Ingredients from Bon Appetit:
- Nonstick vegetable oil spray
- ½ cup powdered sugar, divided, plus more for dusting
- ½ ounce unflavored powdered gelatin
- 2 large egg whites
- 2 cups sugar
- ¼ teaspoon rose water or orange-flower water
- 1 drop red or orange food coloring (optional)
At first, everything was coming along swimmingly. I pre-measured my various sugars. I prepped the gelatin. I whipped the egg whites. My first hiccup was at Step 2.
“Bring sugar and ½ cup water to a boil over medium-high heat, stirring to dissolve sugar and brushing down sides with a wet pastry brush. Boil sugar mixture, without stirring, until thermometer registers 250°, 8–10 minutes.”
Well, all right then. I can do that. But let’s remember that there are in fact two sugars in this recipe. Powdered, and granular. Not one sugar, TWO sugars. (Sorry, that was a bit of a Canadiana joke.) I was puzzled. Do they mean put both in the pot with the water? I decided they must. So I dumped both sugars in and moved on. I also made a mental note to contact Bon Appetit and chide them for their lack of clarity by recipe creators.
Now, I’m feeling like a bit of a scientist. I’ve got thermometers in pots, I’m measuring carefully, and I’m noting my progress. I was secretly laughing at my Grade 11 Chemistry teacher, who clearly just could not see my raw talent for chemistry when he gave me that final 65%. How could I be expected to succeed with 20-year-old Bunsen burners and a lackluster lab partner? Impossible.
So I reach the 250° mark, and stir in the gelatin. I review the recipe again, and this time read the final sentence, “Dust tops of marshmallow with remaining ¼ cup powdered sugar. Turn out of pan and cut into 1” pieces; dust with more powdered sugar.” Oh. Oh dear. Ermmm… would that be that ¼ cup of sugar I dumped in the pot? Right. So, in retrospect, maybe that was clear.
“Well,” I thought to myself, “Too late now. Onwards.” What’s the worst that can happen, right? Maybe they’ll just taste extra sweet. So I move forward with the recipe, but you, beloved reader, are thinking to yourself right now, “But NO, Bailey! This is CHEMISTRY. You have to do it PROPERLY.”
And you would be right. But, at that moment, I was more preoccupied with EVERYTHING being sticky. Everything. My countertops are sticky. My mixer is sticky. My steering wheel is sticky. Everything. This is now causing me to get a bit of a tension knot in my shoulder and I’m feeling pissed off with the whole project now.
I then move to the final steps. Beat the sugar/gelatin/egg mixture until it triples in volume. I was concerned when this volume increase never happened, but the real dread set in when I went to wash the (brand new) candy thermometer, which had a sticker that read, “Remove before use”. (Whoops- it has since been removed, after first use).
Now, they cool for four hours, or overnight.
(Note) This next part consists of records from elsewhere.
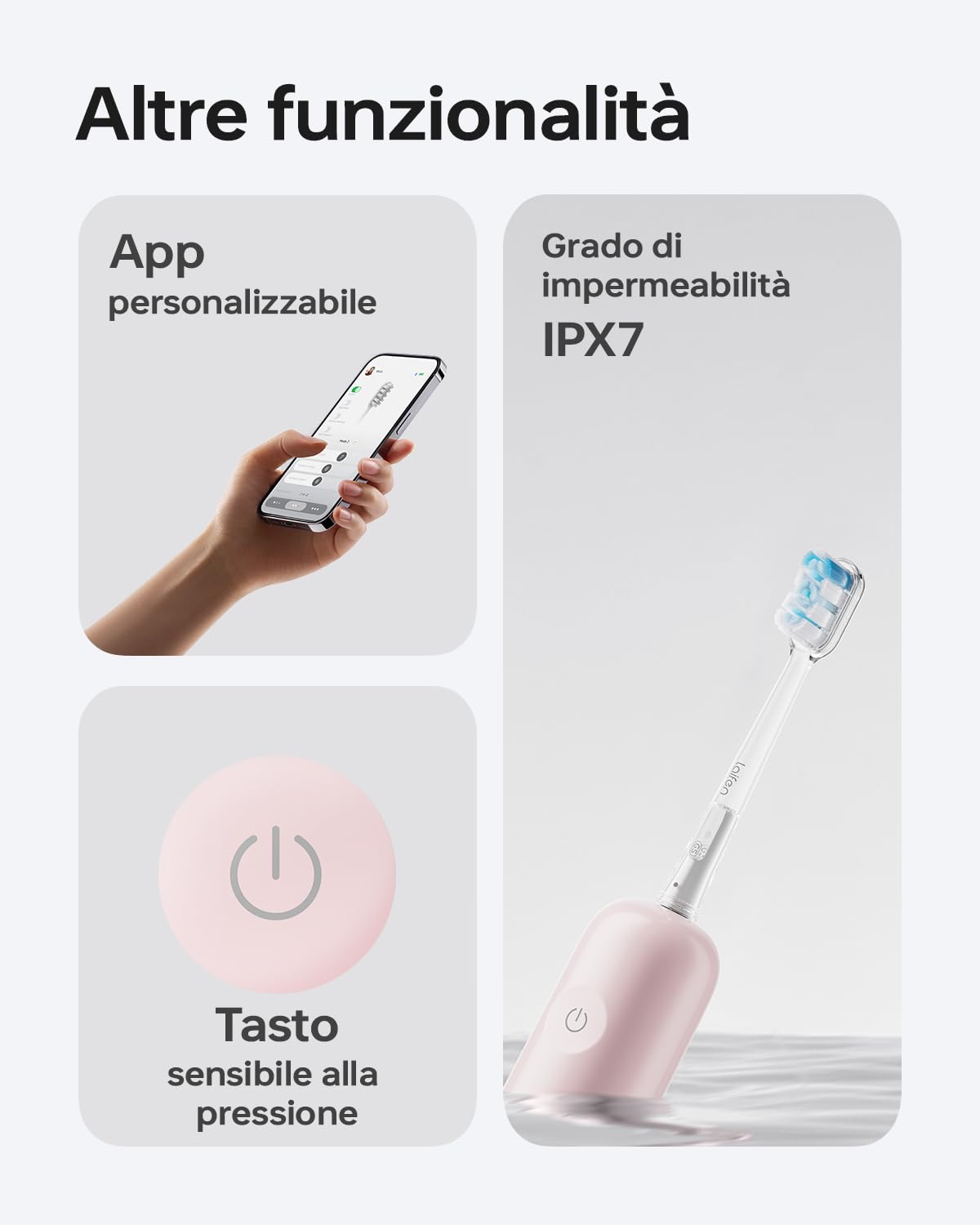 Laifen Wave Spazzolino elettrico, spazzolino elettrico sonico oscillante con 3 testine, spazzolino da viaggio magnetico ricaricabile impermeabile IPX7 (ABS Rosa)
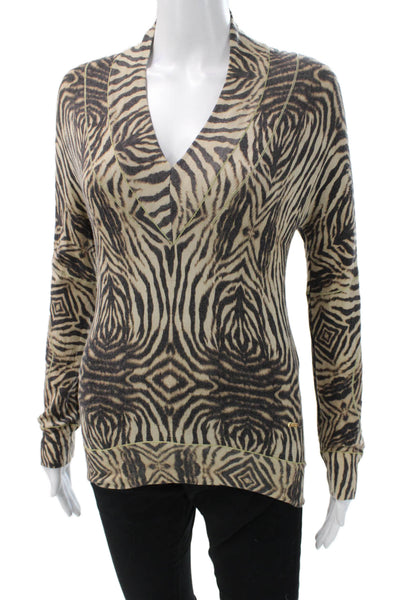 Roberto Cavalli Womens Beige V-Neck Animal Print Pullover Sweater Size 46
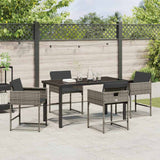Set da Pranzo per Giardino 5 pcs Grigio polyrattan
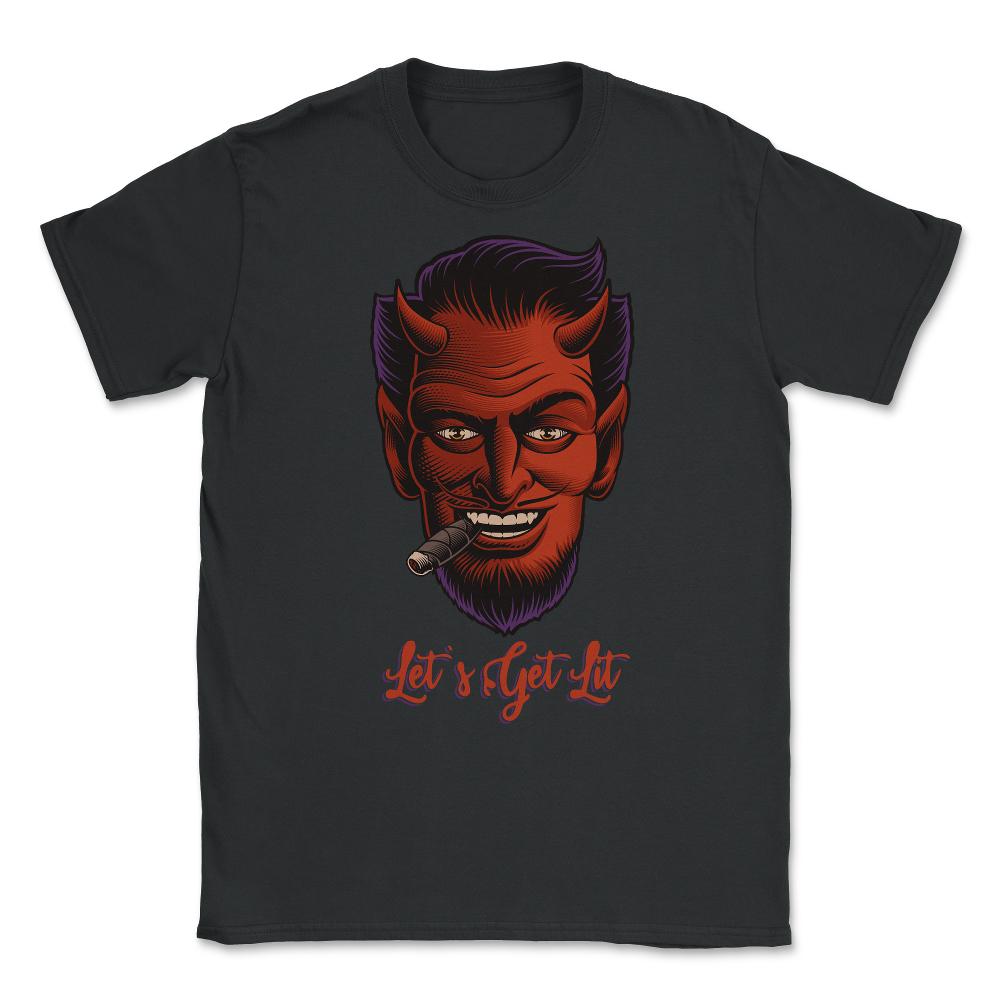 Let''s Get Lit Devil Satan Sin Unisex T-Shirt - Black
I obviously could not possibly wait for an overnight, so four hours go by, and in no way do they resemble anything mallow-like. The texture is beyond sticky. When I try to get it out of the pan, the bottom reveals a clear, pink, raw-chicken resembling semi-solid.
It becomes clear to me that I was indeed lucky to be granted that 65% by Mr. Hamilton. I also realize I’ve become the #nailedit meme. And maybe, on a snowy, chilly, winter’s afternoon in February, enough cabin-fevered boredom will set in that I will attempt this again. But for now, I’ll stick to my fly-by-night pasta sauces.